= William Archer Porter =

William Archer Porter (c. 1825 – 16 July 1890) was a British lawyer and educationist who served as the Principal of Government Arts College, Kumbakonam and tutor and secretary to the Maharaja of Mysore.

== Early life and education ==

Porter was born in Drumlee, Castlewellan, Co. Down, Ireland in the year 1825, the eldest son of Rev. James Porter, Presbyterian minister, and the brother of (1) James Porter (Master of Peterhouse, Cambridge), (2) Jane Bailie Porter, who married Alexander Crum Brown, the Scottish organic chemist and (3) Margaret Archer Porter, who married Peter Tait (physicist). He was educated at Glasgow University from 1841 to 1845 and entered Trinity College, Cambridge in 1845. Migrating to Peterhouse, he graduated BA in 1849 as 3rd Wrangler and was admitted as a fellow of Peterhouse.

== Career ==
Porter practised as a tutor from 1855 to 1856 when he joined Lincoln's Inn. Porter was called to the bar in 1859. Porter served as an equity draftsman and conveyancer from 1859 to 1863, when he moved to India to take over as headmaster of the Provincial School, Kumbakonam.

Porter served as the headmaster of the Provincial School from 1863 to 1873 and was instrumental in its elevation to graduate college. Porter is, however, best remembered for having served as the Principal of the Government Arts College, Kumbakonam from 1874 to 1878. He is considered to be the best-ever principal of the college.

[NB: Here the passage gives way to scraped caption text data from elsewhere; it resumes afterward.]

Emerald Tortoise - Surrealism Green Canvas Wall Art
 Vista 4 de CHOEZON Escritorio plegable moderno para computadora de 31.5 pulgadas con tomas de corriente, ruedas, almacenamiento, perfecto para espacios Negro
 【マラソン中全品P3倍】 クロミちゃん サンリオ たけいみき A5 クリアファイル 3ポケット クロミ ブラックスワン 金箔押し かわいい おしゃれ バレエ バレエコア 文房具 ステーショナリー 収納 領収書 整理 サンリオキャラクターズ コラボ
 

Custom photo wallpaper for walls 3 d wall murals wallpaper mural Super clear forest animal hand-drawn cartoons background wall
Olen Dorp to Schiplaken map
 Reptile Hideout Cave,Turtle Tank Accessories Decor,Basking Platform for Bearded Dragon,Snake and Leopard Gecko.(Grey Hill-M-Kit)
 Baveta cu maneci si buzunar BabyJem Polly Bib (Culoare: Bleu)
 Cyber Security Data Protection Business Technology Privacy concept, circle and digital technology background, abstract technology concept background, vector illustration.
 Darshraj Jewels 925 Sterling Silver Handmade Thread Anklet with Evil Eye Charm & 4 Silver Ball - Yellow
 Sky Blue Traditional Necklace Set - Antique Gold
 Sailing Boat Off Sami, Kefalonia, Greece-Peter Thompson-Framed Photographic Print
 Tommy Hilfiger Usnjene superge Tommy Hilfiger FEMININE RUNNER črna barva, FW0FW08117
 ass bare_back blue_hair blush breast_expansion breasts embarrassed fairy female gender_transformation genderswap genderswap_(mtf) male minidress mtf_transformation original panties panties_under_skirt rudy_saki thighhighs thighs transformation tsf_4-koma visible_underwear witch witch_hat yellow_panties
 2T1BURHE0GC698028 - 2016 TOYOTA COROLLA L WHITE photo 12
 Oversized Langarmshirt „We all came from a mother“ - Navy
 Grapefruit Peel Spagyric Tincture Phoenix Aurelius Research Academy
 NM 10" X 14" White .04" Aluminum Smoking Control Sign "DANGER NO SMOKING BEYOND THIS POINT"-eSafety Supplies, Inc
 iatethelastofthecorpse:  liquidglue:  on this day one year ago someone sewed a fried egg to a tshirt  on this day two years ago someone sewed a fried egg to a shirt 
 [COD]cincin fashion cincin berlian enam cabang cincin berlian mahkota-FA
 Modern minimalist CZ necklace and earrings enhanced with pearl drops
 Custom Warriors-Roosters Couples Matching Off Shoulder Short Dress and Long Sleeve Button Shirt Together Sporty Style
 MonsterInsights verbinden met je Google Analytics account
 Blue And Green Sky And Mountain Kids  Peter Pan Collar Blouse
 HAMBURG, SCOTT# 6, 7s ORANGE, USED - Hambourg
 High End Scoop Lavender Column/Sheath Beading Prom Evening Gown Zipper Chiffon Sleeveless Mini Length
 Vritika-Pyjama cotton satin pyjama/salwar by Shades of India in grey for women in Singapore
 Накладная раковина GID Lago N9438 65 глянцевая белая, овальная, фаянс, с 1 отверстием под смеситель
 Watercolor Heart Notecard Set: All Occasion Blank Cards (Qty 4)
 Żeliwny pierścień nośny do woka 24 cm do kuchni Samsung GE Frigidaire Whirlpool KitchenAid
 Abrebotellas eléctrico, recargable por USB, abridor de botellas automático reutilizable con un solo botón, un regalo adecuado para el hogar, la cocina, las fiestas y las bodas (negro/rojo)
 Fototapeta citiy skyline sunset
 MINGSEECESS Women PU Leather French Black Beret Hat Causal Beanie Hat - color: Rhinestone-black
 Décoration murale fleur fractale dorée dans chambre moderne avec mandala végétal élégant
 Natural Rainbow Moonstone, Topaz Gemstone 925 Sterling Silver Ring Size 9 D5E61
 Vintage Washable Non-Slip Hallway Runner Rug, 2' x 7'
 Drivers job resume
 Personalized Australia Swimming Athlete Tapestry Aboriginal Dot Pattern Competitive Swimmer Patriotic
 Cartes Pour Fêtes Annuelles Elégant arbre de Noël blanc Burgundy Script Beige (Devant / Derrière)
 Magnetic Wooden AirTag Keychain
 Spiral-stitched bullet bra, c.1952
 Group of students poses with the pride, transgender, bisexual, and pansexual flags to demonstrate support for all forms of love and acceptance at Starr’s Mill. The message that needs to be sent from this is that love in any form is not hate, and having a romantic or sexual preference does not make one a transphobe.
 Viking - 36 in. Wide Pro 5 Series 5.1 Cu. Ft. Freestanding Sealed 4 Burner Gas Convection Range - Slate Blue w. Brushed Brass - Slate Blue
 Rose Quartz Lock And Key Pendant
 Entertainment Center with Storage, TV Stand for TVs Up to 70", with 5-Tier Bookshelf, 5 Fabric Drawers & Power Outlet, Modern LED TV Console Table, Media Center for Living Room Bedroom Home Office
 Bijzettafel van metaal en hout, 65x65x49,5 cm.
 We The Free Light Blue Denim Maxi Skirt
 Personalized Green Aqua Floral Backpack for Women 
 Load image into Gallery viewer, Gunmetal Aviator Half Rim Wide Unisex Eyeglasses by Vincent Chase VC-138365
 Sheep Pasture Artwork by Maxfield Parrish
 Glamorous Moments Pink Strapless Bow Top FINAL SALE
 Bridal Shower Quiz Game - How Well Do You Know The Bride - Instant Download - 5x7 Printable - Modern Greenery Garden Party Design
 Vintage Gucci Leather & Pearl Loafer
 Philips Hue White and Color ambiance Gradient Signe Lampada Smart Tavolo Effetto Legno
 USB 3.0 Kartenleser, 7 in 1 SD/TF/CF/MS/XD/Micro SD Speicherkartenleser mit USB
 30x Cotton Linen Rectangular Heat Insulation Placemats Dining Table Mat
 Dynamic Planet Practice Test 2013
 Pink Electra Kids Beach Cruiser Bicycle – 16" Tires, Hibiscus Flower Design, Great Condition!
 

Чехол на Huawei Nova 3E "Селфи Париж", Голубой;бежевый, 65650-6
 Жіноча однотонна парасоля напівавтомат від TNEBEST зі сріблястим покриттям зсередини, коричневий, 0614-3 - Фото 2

During this time, Porter also occasionally acted as the Principal of the Presidency College, Madras. In 1878, Porter was appointed tutor to Chamarajendra Wadiyar X, the prince of the Kingdom of Mysore and served from 1878 to 1882.

== Later life and death ==

Porter returned to the United Kingdom in 1882 and died at Edinburgh on 16 July 1890.

==Family==

His sister Margaret Porter married Peter Guthrie Tait. They were parents to John Guthrie Tait, Frederick Guthrie Tait and William Archer Porter Tait.